Untuk mengasah kecerdasan diperlukan upaya untuk memahami segala sesuatu, baik kejadian yang dialami, dibaca, maupun dilihat. Dalam pemahaman itulah terjalin suatu hubungan kerjasama otak antara penyusunan imaji dan perangkaiannya dalam suatu bentuk komunikasi, yang dalam hal ini adalah tulisan. Efek atau suasana perasaan dan emosi baik persepsi, ekspresi, maupun kesadaran pengalaman emosional, secara predominan diperantarai oleh right hemisfer. Artinya, hemisfer ini memainkan peran besar dalam perkembangan emosi, yang sangat penting bagi perkembangan sifat-sifat manusia yang manusiawi. Kehalusan dan kepekaan seseorang untuk dapat ikut merasakan perasaan orang lain, menghayati pengalaman kehidupan dengan "perasaan", adalah fungsi otak kanan, sedang kemampuan mengerti perasaan orang lain, mengerti pengalaman dengan rasio adalah fungsi otak kiri. Kemampuan seseorang untuk dapat berkomunikasi dengan baik dan manusiawi dengan orang lain merupakan percampuran antara otak kanan dan kiri.
Menulis juga merupakan pengejawantahan kegiatan membaca, baik yang berasal dari bacaan, pengalaman maupun penafsiran. Kemampuan menulis yang tidak diimbangi dengan kemampuan membaca bagaikan sayur tanpa garam. Agar dapat melakukan analisis yang tajam, bukti dan data yang akurat dan terpercaya, seorang penulis dituntun untuk mampu membaca semua fenomena yang ada.
Dalam mengukur kemampuan berbahasa, refleksi merupakan kemampuan metabahasa yang menjadi indikator kecerdasan. Seseorang yang telah memiliki budaya menulis tidak saja dapat dipastikan cerdas secara linguistis tetapi juga cerdas secara intelektual, sebab ia membuktikan tidak saja mampu berbahasa tetapi juga mampu mengemukakan data, fakta, serta analisisnya dalam bentuk tulisan.
Budaya baca-tulis yang kuat ternyata dapat mempercepat proses terciptanya komunitas terdidik dengan kesempatan belajar yang tak terbatas, mempercepat penjalaran dan pembiakan pengetahuan serta mendorong terciptanya ruang-ruang kreativitas baru bagi masyarakat dalam menghadapi tantangan hidup sehingga terbentuk manusia-manusia yang cerdas hanya dengan melalui pengembangan budaya baca-tulis. Telaah lebih jauh memperlihatkan bahwa anak yang biasa atau gemar membaca terbukti jauh lebih pandai, serta memiliki IQ dan EQ yang lebih tinggi daripada anak yang kurang banyak membaca. Anak yang senang membaca mempunyai penalaran dan tingkat kecerdasan yang jauh di atas rata-rata kelas, dan tingkat emosionalnya sangat seimbang. Bahkan dalam melakukan ”problem solving” rata-rata lebih logis pemikirannya, disertai dengan bahasa yang runtut dan santun.

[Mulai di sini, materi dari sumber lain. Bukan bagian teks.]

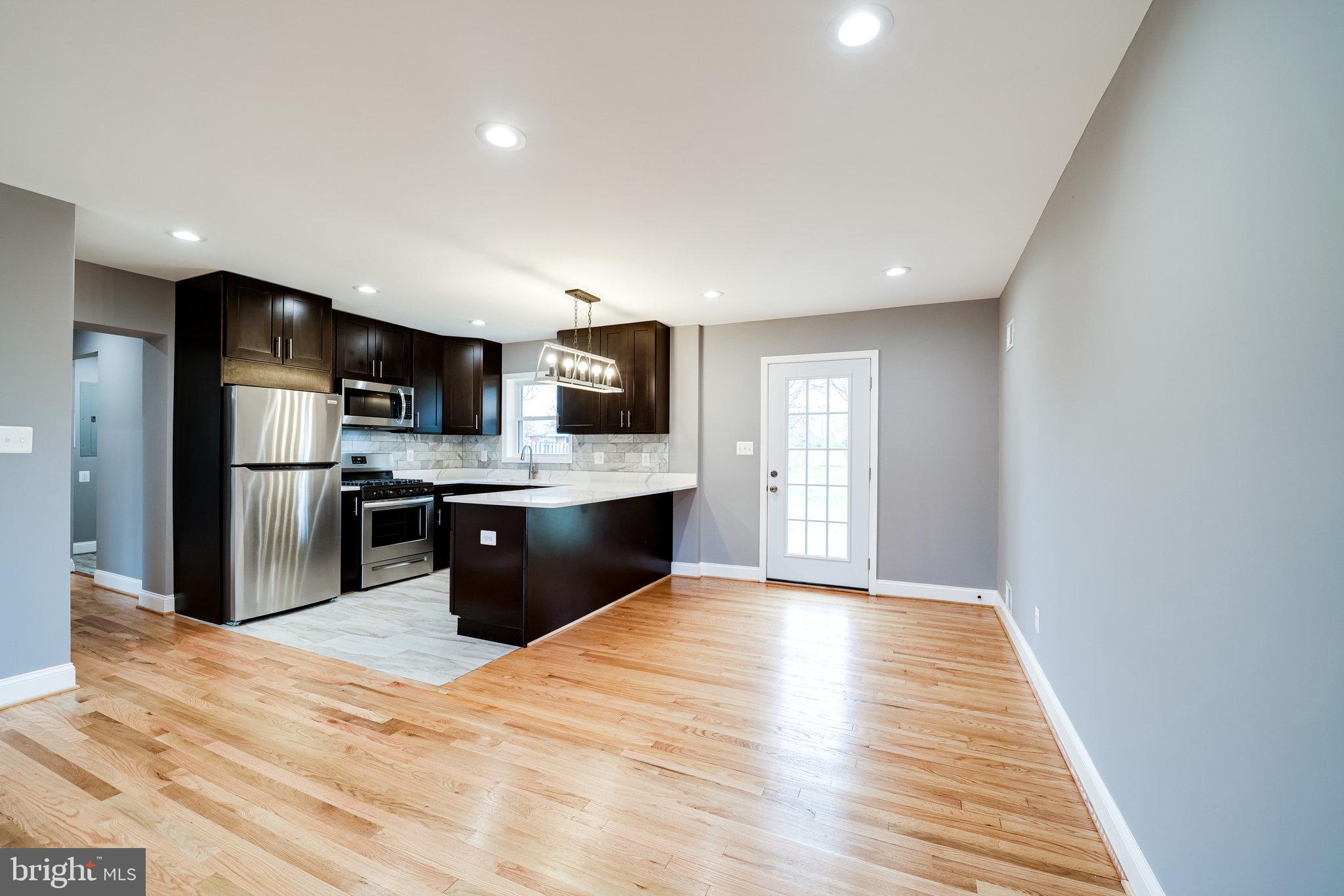 SUNSET MANOR - Residential Lease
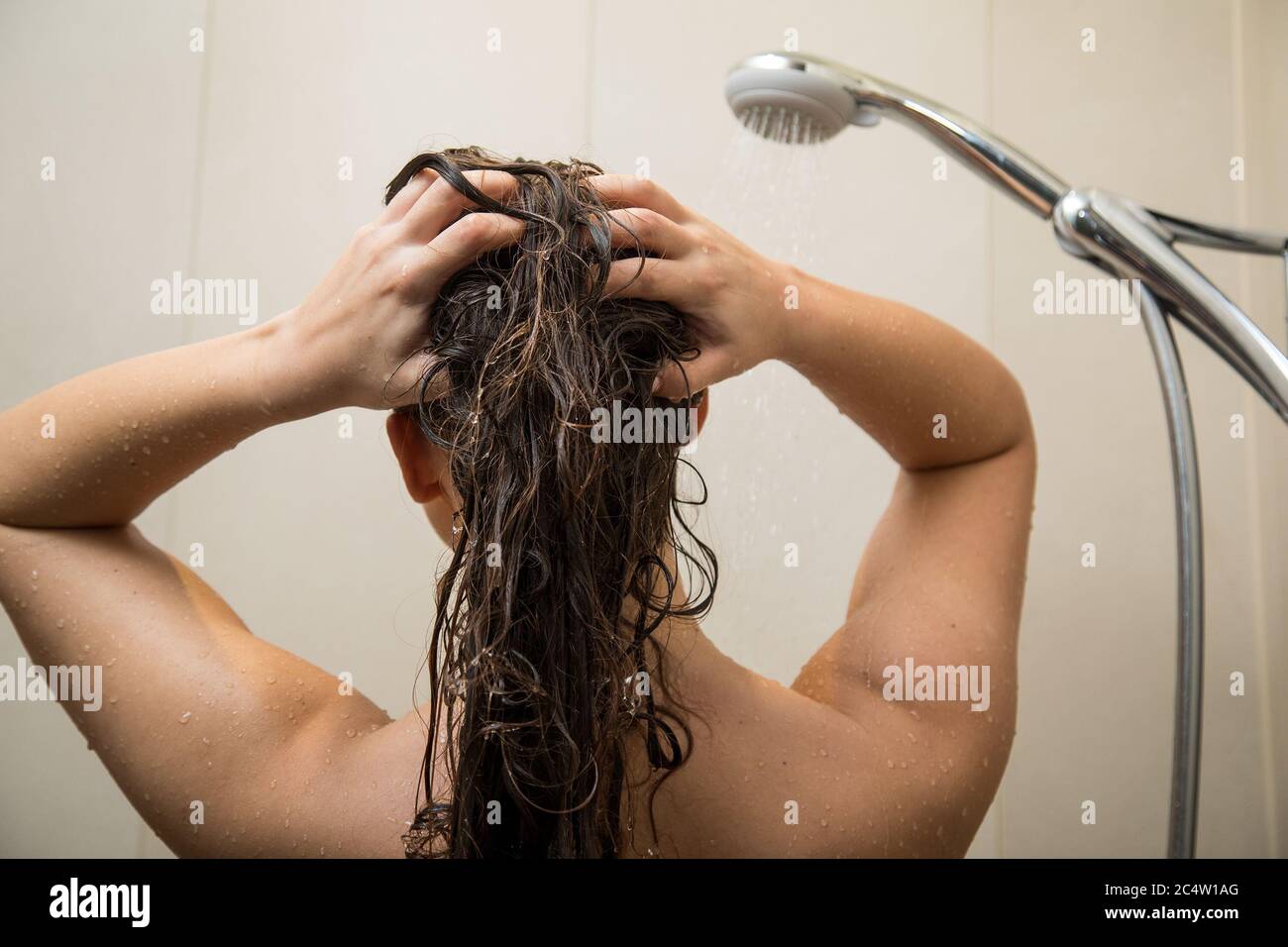 Hamburg, Germany. 11th Apr, 2018. On the topic service report of 29 June 2020: After sport in summer, it is better to cool down the heated body slowly - and turn the shower to a lukewarm temperature for the time being, instead of letting it run ice-cold. Credit: Christin Klose/dpa-tmn/dpa/Alamy Live News Stock Photo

Menulis sebagai salah satu bentuk komunikasi afektif dapat memberikan pengalaman emosional. Emosi, yang merupakan suatu pengalaman subjektif, dimiliki oleh setiap manusia. Kemampuan merasakan, menghayati, dan mengevaluasi makna dari interaksi dengan lingkungan, ternyata dapat dirangsang dan dioptimalkan melalui proses menulis sejak dini. Karena itu, menulislah, maka kau akan cerdas.